Francisco Murillo Ferrol, un maestro de las ciencias sociales
El pasado día 4 de septiembre fallecía en Madrid Francisco Murillo Ferrol a los 86 años de edad. Don Francisco, como le llamábamos todos, fue una figura clave en el devenir de la sociología y la ciencia política española a lo largo de las últimas cuatro décadas del siglo XX. Fue catedrático de Derecho Político en las universidades de Valencia, Granada y Autónoma de Madrid, miembro de la Academia de Ciencias Morales y Políticas y premio Nacional de Sociología y Ciencia Política del CIS en 2003, el primero de esta naturaleza que se otorgaba en esta institución.
Inició su vida universitaria con una tesis doctoral sobre Francisco Suárez y su primer libro fue Saavedra Fajardo y la política del Barroco (Instituto de Estudios Políticos, Madrid, 1957; hay una reimpresión de 1989), que sigue teniendo una gran frescura como estudio específico de historia del pensamiento. Poco después entraría en un contacto directo con la sociología y ciencia política estadounidenses de posguerra, que daría sus frutos en Estudios de Sociología Política (Tecnos, Madrid, 1962), sus estudios empíricos sobre Andalucía, sobre las clases medias españolas y su partici-pación en diversos informes FOESA. Como Director del Instituto de la Opinión Pública, antecedente del Centro de Investigaciones Sociológicas actual, tendría también la posibilidad de abundar y evaluar este tipo de enfoques y las nuevas metodologías cuantitativas.

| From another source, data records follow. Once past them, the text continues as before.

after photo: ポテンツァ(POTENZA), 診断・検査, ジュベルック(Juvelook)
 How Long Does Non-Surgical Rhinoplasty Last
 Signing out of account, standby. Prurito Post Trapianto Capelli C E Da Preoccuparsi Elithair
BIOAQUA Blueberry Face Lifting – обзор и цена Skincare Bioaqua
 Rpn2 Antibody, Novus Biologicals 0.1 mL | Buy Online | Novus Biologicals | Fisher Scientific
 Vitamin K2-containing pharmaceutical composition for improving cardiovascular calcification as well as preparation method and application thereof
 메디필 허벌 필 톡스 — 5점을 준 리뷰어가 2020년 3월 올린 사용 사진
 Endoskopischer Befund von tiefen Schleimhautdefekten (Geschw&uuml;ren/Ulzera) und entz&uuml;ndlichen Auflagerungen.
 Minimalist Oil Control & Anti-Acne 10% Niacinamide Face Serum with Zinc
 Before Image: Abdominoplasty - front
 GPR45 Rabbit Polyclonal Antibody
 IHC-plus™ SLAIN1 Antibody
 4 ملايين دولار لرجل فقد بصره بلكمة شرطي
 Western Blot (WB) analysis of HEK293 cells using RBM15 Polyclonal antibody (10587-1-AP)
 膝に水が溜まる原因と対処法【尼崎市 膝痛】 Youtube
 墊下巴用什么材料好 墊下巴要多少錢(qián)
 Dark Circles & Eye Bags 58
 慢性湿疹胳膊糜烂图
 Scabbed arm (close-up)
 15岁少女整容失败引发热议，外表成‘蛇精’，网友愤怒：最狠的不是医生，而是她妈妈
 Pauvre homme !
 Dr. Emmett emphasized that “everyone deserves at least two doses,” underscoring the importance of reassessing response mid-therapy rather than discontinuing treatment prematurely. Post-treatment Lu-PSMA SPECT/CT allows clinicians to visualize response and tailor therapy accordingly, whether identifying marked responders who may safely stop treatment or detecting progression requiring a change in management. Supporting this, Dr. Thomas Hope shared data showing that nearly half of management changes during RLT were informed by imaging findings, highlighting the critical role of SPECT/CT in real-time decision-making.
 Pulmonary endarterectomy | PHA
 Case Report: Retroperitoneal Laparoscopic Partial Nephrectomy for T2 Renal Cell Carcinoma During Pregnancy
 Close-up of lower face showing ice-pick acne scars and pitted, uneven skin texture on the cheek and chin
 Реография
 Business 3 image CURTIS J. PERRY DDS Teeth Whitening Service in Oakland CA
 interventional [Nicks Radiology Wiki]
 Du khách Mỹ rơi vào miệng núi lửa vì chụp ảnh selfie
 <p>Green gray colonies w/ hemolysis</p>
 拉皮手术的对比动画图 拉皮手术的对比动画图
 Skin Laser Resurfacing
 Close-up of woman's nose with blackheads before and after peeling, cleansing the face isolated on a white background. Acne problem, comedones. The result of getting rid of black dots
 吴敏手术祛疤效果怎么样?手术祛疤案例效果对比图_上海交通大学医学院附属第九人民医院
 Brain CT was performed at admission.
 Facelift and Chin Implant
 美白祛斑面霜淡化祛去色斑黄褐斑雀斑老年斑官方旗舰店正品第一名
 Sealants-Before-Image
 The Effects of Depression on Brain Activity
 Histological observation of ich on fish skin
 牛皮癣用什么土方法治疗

A todos estos trabajos se añadirían y/o solaparían estudios de derecho constitucional y teoría del Estado, historia social de España, estructura y cambio social, la desigualdad, temas específicos de ciencia política y un largo etcétera que sería demasiado prolijo presentar aquí en detalle. Basta con echar un vistazo al índice de los dos volúmenes de sus Ensayos sobre sociedad y política (Península, Barcelona, 1987 y 1988) para hacerse una idea de la variedad de temas a los que dedicó su interés y, si se leen, para comprobar alguna de las más sugerentes características de su escritura: su cuidado estilo y su esfuerzo por no cerrar el discurso, por sugerir más que por afirmar.
Estas consideraciones anteriores seguramente sirvan para sintetizar con trazo grueso su contribución a las ciencias sociales de nuestro país. Para sus numerosísimos discípulos fue mucho más que eso. No es fácil dar con un término cuya semántica pueda acoger lo que todos le debemos. Fue maestro y amigo, iniciador académico y cómplice atento de nuestra torpe evolución en sus campos del saber. Pero, sobre todo, ejemplo. Nadie podía ser insensible a su talante de rectitud y bonhomía, a su entusiasmo por la lectura y el conocimiento de la realidad social, a su insaciable curiosidad intelectual. Era bien conocido su sano escepticismo y distanciamiento irónico respecto de lo más inmediato, de la moda del momento. Aunque siempre supo tolerar y tomarse con interés nuestras reiteradas extravagancias y divagaciones. Y siempre estaba ahí cuando lo necesitábamos, dándonos consejo y cariño. Si la mayor garantía de supervivencia es el recuerdo de las personas que dejamos atrás, el maestro seguirá viviendo mientras todos sigamos aquí.